尼崎の事件で世間は喧々諤々だが、この事件は「実社会というジャングル」の中で「人間の皮をかぶった野獣」に遭遇した場合に、我々は生き延びることができるか、という問題に帰着するだろう。井口博士のように、「銃刀法を破棄して、銃や刀を解禁しろ」という勇ましい意見もあるが、私は採らない。なぜなら、いくら普通人が武装していても、「不意打ちの暴力」には絶対に対処できないからである。
あなたの家に、十人ほどのヤクザ・暴力団がいきなり押し掛けてきた場合、あなたに何ができるだろう。角田という鬼婆ァがしたのはそれなのである。
つまり、「桃太郎」の話とは反対に、鬼たちの方が平和な人間世界に侵入してくるのである。しかも、相手は最初からターゲットを狙って、すべて準備して乗り込んでくるのだ。
我々が無事に毎日を生きていられるのは、「幸運な偶然」でしかないし、そういう「鬼」たちに目をつけられたら、もはや一生はお終いだ、ということだ。あなたもあなたの家族の人生も、そこで終わりである。
この世界は、そういう世界なのである。法や警察は、事件が終わってから犯人を捕まえるだけであり、あなたを事件から救うことはしない。なぜなら、それはまだ「事件」ではないからだ。「事件」になるのは、あなたやあなたの家族が死んだ後だ。
我々は暴力に対する耐性が無い。心の準備も無い。
できることは、常に、自分が暴力に遭遇する可能性があることを心に刻みつけながら生きることだけである。

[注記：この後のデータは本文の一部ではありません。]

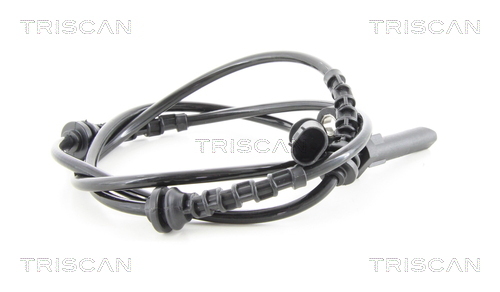 TRISCAN Sensor, Raddrehzahl
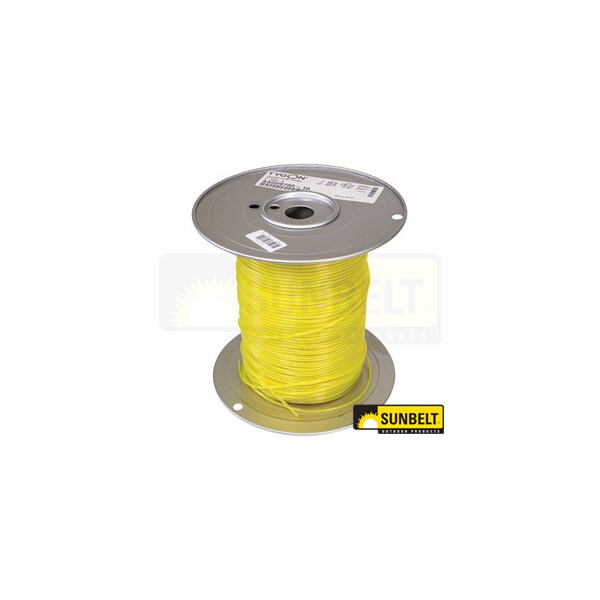 A & I Products FUEL LINE/TYGON 200' ROLL .080 10" x1" x10" - A-B111376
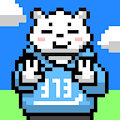 Pixel Art by minami3730
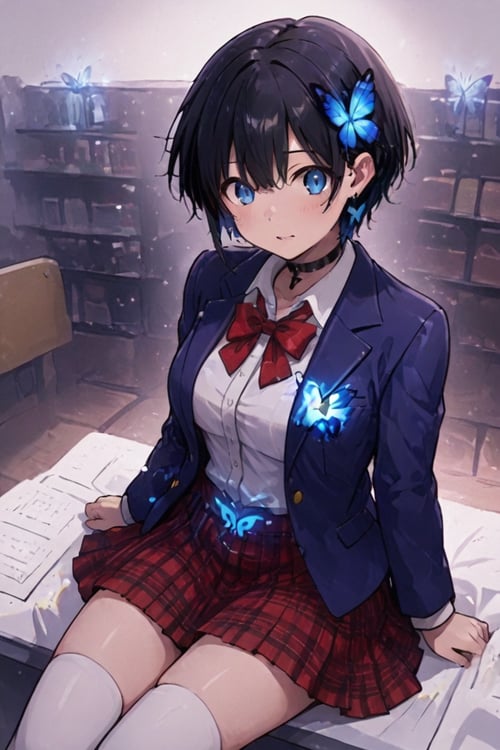 シルエット by らび@kiyoka_succubus on Tensor.Art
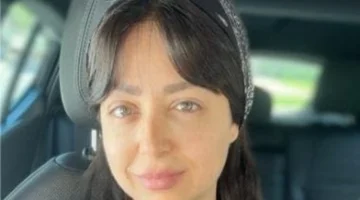 تطورات مقلقة حول الحالة الصحية للفنانة هبة مجدي بعد تعرضها لأزمة مفاجئة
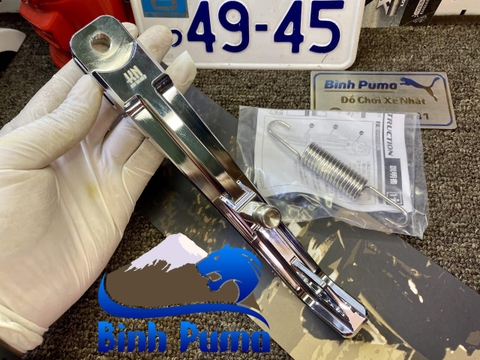 CHÂN CHỐNG NGHIÊNG K&N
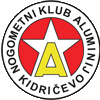 Wappen N.K. Aluminij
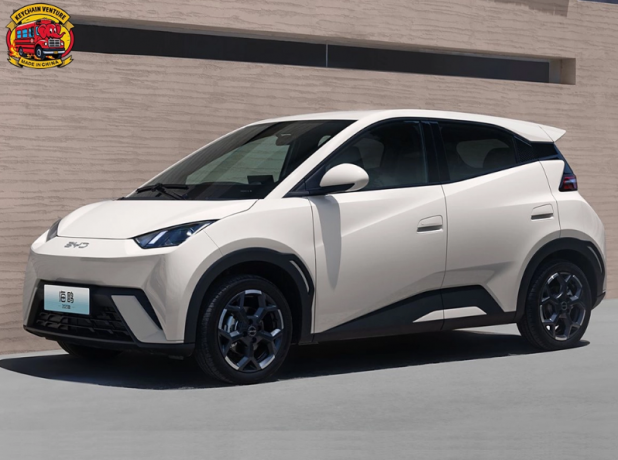 A Comprehensive Guide to New Energy Vehicles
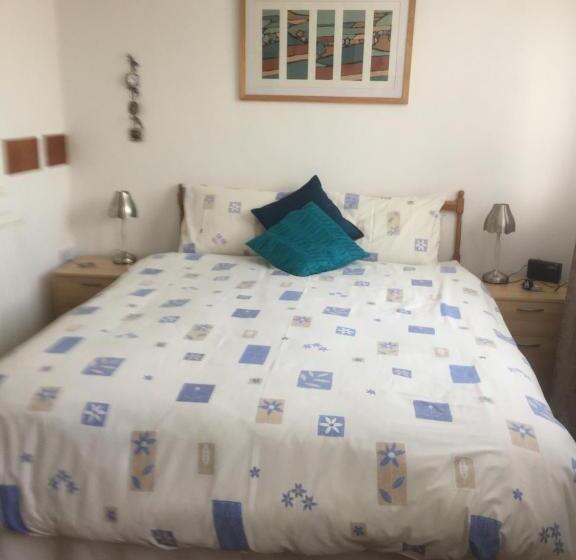 민박 Bank Farm House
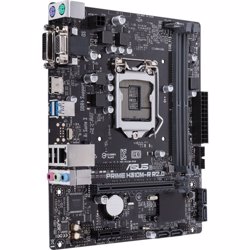 Asus Prime H310M-R (90MB0YL0-M0ECY0)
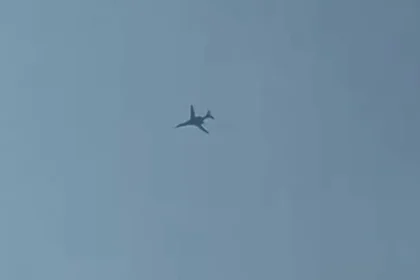 US Bombers Depart UK Amid Iran Tensions, Burnham Approves Base Use
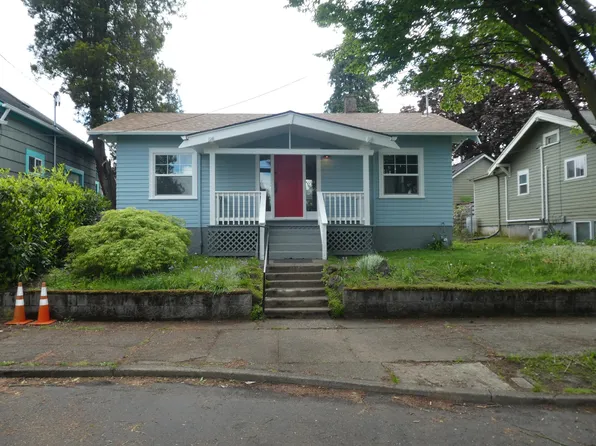 4214 N Missouri Ave, Portland, OR 97217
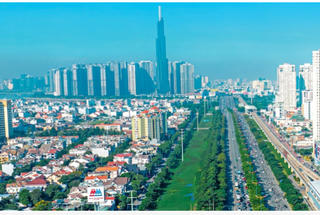 Đi săn nhà riêng lẻ trung tâm TP. Hồ Chí Minh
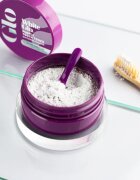White Glo Purple Tooth Toner Powder puder za beljenje zob 30 g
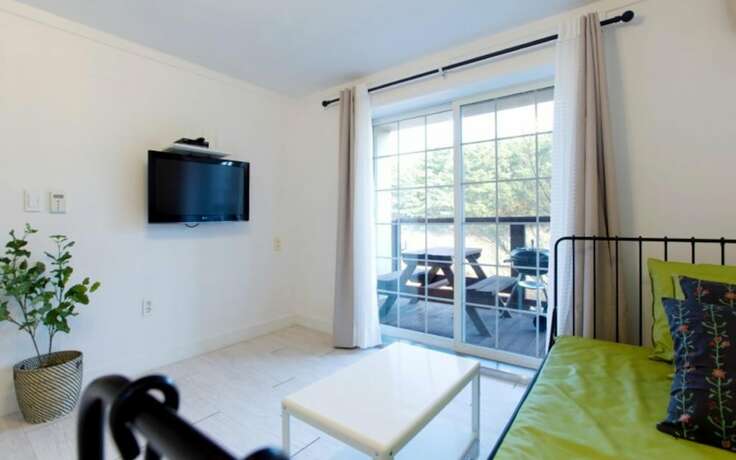 Imagen de la habitación del Hotel Taean Gajangjari Pension. Foto 17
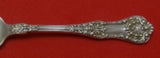 New King by Dominick and Haff Sterling Silver Salad Fork 4-tine 6 1/4"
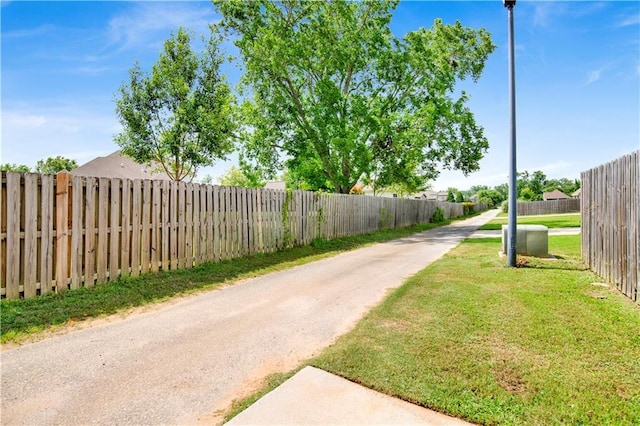 24795 Austin Rd, Daphne, AL 36526 - view of street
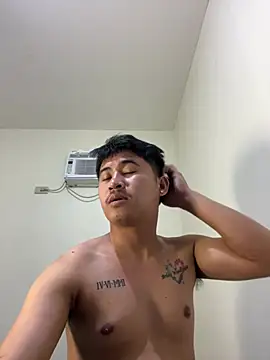 Adim-pinoy146 Pertunjukan Webcam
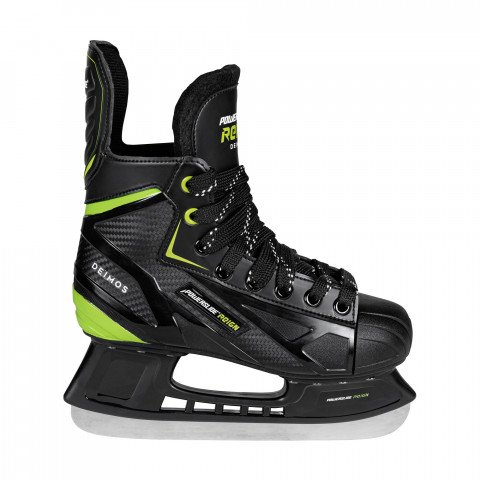 Powerslide - Powerslide Deimos Hockey Ice Skates - Photo 1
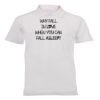 Junior Golf Shirt Thumbnail
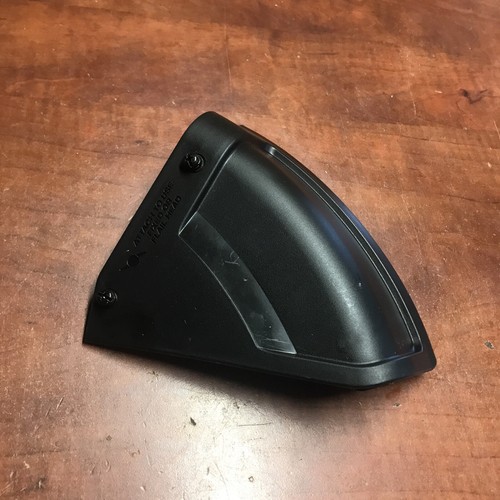 Genuine part deflector - genuine,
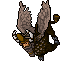 Mythical Persian
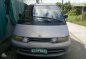 RUSH Toyota Lucida diesel matic 1994-0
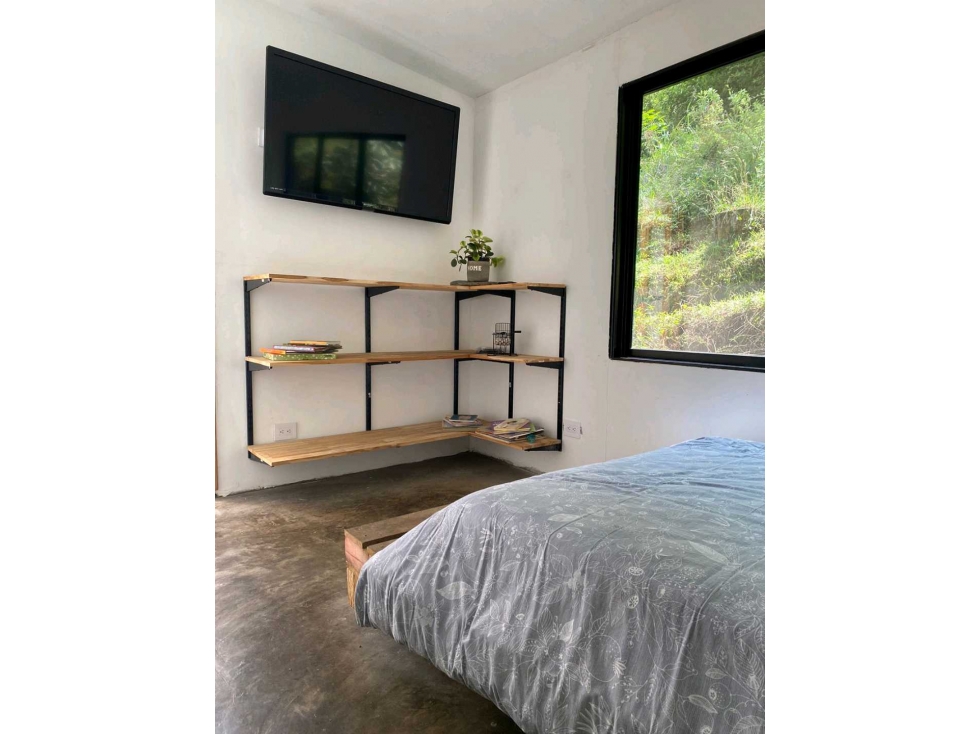 Casa Campestre en Caldas en Venta con huertos — foto 4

それによって、少しでもその確率を減らすだけだ。
暴力に暴力で対抗するのは困難だが、少なくとも、事態がはっきりした場合は、「敵」の首謀者と刺し違えるだけの覚悟は持つべきだろう。多くのいじめ事件と同様、被害者が無抵抗であることが世の中の暴力による支配を助長するのである。

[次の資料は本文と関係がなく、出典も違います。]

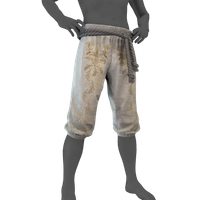 Ledger Breeches icon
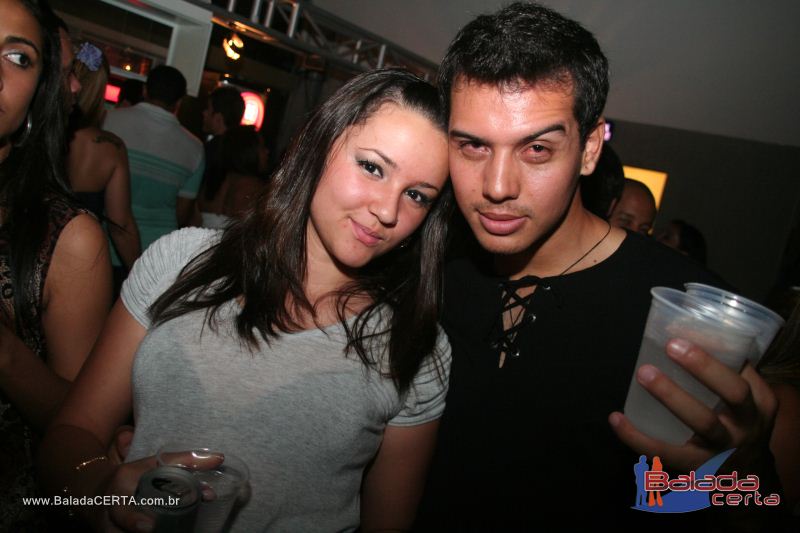 Balada: Show de Michel Tel na Via Stadium em Taguatinga - DF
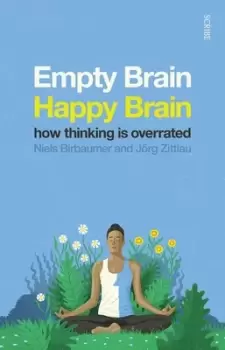 Image of Empty brain happy brain by Niels Birbaumer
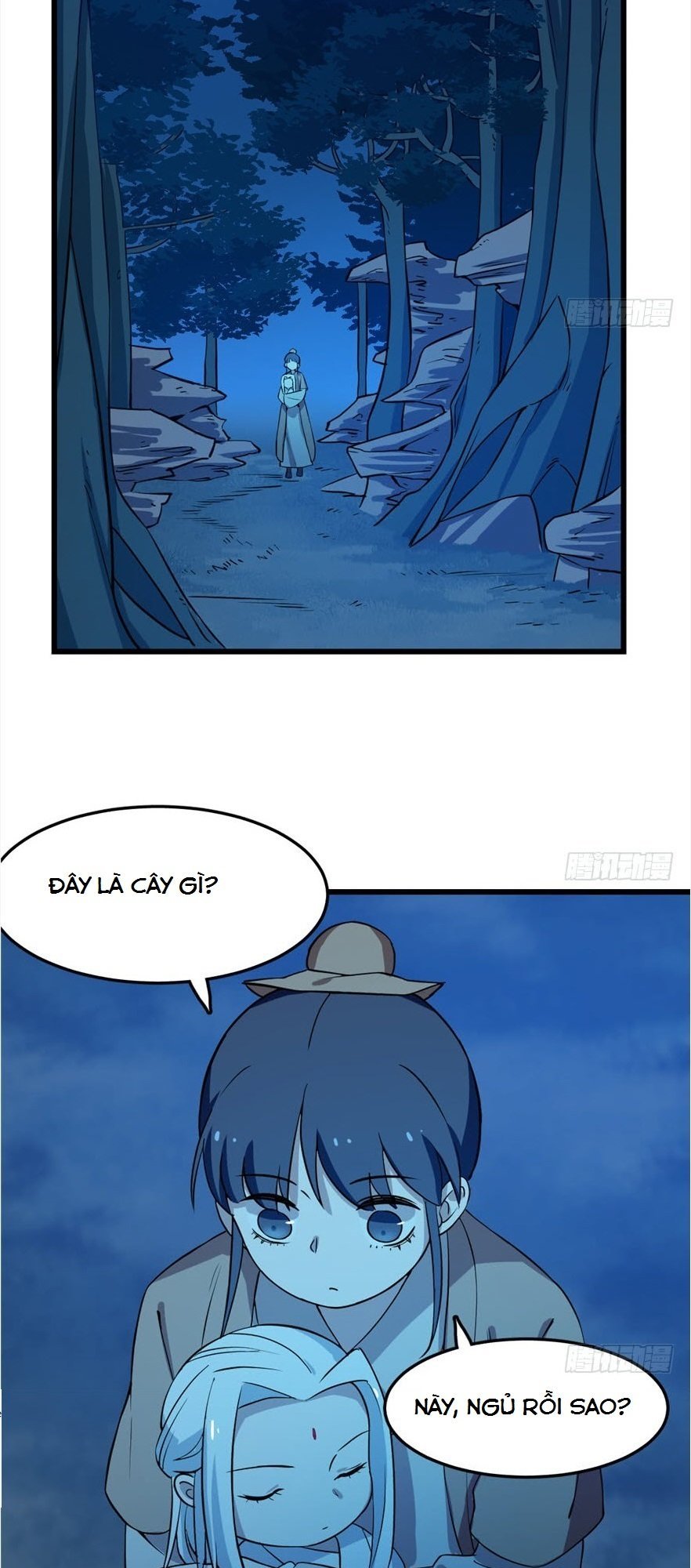 Độc Bộ Thiên Hạ: Đặc Công Thần Y Chapter 37 - Trang 2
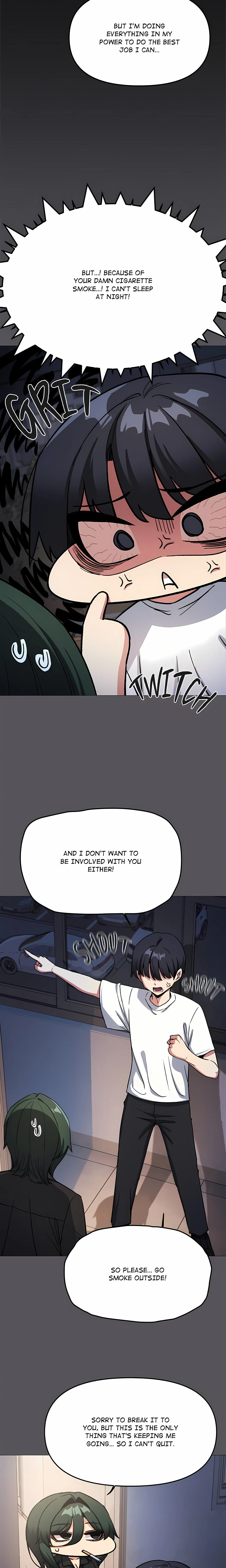 Read Someone Stop Her - Chapter 71 - someonestopher.net | Image 17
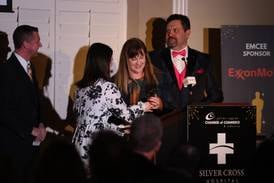 Joliet chamber adds Academy Awards style to its annual local honors night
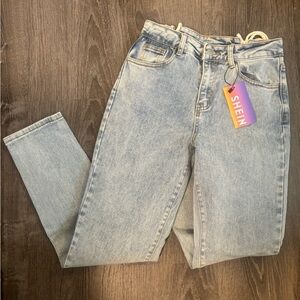 SHEIN JEANS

山本直樹という漫画家の作品に「ありがとう」という18禁の作品がある。この尼崎の事件と同じく、平和な家庭にいきなり侵入してくる暴力を描いたものだ。エロチックな描写も多いのだが、しかし、暴力との不条理な遭遇を描いた、ある種の傑作で、確か映画化もされていたはずである。
上の話と一見無関係だが、「日常の中に突然侵入する暴力」への脳天気な反応の例として下の記事を引用しておく。自衛隊という暴力装置の高官であった人間であったにもかかわらず、暴力というものに対してこれほど無自覚であり、一般人の人権や平和な日常を守るべき政治の義務というものに対して無神経であるような人間だから、彼はその職を失ったのだろうが、そういう自分の在り方への反省がまったくない。こういう厚顔無恥さは、石原や橋下、前原などと共通のものがある。田母神の場合は、イデオロギーによって外界への反応がロボット化した例でもある。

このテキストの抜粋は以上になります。